Republicans Shouldn’t Get a Pass on Climate


Covering Climate NowThis story is part of Covering Climate Now, a global journalism collaboration cofounded by Columbia Journalism Review and The Nation strengthening coverage of the climate story.

We have a choice: collective action or collective suicide,” António Guterres, the secretary general of the United Nations, said last week as vast swaths of the planet baked in record-breaking heat that has killed thousands of people so far in Europe alone, with the numbers expected to rise, and sparked wildfires that imperil countless more. “To tackle the climate emergency,” Guterres added, we need a “decade of decisive climate action.”

But Republican officials decided against climate action decades ago, and have long refused to accept that humans are causing climate change, much less that it threatens all of civilization. Despite mountains of scientific findings and heartbreaking real-world evidence, GOP leaders, including (but certainly not limited to) Donald Trump, Mitch McConnell, Kevin McCarthy, and Steve Scalise, have demonized the very idea that climate action is important. Above all, congressional Republicans have opposed every major piece of legislation intended to tackle the onrushing crisis.

Which is why President Joe Biden found himself giving a speech on July 20 announcing executive actions to deal with what he called the “climate emergency”—even as he stopped short of declaring an official national emergency—including more wind power and helping low-income households pay for air-conditioning.

Biden hinted that more executive actions may follow, and those might help, but the unfortunate truth is that executive action is a poor substitute for actual legislation. Lawsuits—which affected industries would surely file—can delay and blunt the impact of executive orders, and the next president can immediately undo them. But Biden has little recourse now that his Build Back Better climate bill is dead.

Who killed Build Back Better? Judging from news coverage and outraged statements by Democrats and climate activists, it’s not Republicans who are to blame. The villain is one man and one man only: Senator Joe Manchin, Democrat of West Virginia.
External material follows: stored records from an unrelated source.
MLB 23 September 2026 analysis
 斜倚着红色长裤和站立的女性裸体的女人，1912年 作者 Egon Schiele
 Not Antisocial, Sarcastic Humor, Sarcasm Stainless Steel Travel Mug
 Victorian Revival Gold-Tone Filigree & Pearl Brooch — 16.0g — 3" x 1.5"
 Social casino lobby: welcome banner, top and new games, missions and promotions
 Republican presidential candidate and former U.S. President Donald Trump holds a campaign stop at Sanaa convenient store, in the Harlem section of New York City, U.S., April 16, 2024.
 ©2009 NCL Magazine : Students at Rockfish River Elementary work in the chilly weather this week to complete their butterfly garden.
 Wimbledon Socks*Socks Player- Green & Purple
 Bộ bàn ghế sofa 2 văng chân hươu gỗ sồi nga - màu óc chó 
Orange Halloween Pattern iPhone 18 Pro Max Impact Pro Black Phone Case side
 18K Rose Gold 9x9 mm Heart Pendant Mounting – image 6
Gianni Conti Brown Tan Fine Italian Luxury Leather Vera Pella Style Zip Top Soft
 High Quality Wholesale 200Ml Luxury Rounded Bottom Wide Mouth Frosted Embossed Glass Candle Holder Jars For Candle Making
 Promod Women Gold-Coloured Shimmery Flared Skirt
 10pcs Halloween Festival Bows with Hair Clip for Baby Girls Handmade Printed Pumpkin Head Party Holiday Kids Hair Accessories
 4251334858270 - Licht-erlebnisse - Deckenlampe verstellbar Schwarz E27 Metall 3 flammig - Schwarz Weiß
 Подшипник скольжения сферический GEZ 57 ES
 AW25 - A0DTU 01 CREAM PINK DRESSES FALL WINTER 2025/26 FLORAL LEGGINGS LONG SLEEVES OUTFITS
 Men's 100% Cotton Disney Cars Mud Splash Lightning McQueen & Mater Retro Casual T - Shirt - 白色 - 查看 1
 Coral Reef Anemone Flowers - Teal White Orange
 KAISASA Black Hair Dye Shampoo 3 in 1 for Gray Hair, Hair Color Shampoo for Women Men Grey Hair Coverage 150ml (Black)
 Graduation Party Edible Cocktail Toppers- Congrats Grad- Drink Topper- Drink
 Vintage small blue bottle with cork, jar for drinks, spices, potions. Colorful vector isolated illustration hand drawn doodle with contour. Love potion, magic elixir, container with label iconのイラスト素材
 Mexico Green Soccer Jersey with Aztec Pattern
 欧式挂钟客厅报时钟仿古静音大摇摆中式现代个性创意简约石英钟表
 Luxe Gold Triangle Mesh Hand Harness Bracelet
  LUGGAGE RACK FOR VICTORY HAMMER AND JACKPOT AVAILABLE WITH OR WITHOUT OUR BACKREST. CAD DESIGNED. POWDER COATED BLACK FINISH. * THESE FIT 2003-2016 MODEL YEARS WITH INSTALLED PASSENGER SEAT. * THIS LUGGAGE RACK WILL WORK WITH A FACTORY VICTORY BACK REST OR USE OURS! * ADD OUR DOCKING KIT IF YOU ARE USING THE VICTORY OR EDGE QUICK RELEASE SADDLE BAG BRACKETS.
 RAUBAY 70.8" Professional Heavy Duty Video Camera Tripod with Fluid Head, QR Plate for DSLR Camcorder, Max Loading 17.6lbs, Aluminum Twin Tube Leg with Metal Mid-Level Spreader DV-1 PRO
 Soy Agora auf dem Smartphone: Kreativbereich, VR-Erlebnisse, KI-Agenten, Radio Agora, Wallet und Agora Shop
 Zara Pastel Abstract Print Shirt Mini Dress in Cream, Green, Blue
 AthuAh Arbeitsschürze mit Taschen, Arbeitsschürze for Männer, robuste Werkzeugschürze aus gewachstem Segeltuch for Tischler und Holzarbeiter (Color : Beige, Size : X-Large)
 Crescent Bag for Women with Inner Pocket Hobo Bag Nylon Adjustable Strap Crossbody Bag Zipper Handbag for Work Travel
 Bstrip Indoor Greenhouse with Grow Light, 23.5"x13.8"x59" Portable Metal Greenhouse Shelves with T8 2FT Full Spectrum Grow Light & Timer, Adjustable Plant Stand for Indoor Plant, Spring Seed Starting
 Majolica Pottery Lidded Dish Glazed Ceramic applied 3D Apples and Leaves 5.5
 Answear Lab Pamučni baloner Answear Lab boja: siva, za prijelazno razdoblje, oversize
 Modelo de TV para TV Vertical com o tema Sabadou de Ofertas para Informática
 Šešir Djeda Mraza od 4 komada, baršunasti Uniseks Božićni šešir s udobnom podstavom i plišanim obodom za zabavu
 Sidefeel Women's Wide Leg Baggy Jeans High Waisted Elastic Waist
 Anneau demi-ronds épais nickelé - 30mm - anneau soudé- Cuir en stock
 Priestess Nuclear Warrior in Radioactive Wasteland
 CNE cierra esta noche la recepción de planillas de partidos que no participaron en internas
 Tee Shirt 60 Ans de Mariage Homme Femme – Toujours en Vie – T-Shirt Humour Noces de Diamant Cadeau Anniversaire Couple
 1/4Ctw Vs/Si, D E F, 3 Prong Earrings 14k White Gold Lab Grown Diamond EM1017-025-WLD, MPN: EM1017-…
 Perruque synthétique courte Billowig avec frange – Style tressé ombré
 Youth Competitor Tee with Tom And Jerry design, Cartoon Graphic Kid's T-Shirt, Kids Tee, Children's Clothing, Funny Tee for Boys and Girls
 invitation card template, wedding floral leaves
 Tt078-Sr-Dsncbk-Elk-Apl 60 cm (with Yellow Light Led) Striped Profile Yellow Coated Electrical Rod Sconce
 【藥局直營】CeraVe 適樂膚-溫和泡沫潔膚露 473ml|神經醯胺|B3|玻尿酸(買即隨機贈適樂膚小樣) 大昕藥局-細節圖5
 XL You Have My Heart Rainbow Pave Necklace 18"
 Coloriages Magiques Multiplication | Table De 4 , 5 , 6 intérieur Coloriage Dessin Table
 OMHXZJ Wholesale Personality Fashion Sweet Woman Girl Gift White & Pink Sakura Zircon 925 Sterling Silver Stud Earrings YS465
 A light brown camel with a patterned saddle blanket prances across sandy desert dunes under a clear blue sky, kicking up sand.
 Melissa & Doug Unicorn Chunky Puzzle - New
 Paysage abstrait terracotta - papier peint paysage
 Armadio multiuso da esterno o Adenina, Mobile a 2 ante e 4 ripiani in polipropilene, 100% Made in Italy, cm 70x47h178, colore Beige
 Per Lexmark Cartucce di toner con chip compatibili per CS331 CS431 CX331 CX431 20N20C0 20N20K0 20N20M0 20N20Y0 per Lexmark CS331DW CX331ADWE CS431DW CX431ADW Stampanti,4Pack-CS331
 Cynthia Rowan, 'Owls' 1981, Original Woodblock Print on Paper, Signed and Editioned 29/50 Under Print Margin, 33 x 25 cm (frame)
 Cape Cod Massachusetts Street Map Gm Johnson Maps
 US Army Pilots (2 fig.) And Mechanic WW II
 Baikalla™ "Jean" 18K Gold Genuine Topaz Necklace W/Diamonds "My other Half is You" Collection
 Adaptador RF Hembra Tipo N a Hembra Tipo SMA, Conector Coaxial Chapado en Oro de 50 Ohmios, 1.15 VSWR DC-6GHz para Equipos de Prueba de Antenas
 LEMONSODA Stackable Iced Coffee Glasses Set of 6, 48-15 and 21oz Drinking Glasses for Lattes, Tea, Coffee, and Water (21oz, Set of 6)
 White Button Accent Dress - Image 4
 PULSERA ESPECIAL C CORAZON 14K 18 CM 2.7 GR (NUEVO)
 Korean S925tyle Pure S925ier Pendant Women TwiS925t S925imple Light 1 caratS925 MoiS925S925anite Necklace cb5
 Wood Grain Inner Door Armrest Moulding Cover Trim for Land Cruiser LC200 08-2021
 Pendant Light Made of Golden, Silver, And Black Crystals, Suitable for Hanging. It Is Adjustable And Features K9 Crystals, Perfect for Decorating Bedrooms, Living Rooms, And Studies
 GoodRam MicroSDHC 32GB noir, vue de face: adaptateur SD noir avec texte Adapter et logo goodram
Manchin’s announcement last week that he would not support more federal climate spending triggered a gusher of denunciation. Manchin “just torpedoed Democrats’ climate agenda,” read a CNN headline. He “intentionally sabotaged” Biden’s climate program, Senator Bernie Sanders thundered on ABC News. Alluding to the millions of dollars of coal company stock that Manchin owns, Penn State climate scientist Michael Mann told The Guardian that Manchin is “willing to see the world burn as long as it benefits his near-term investment portfolio.”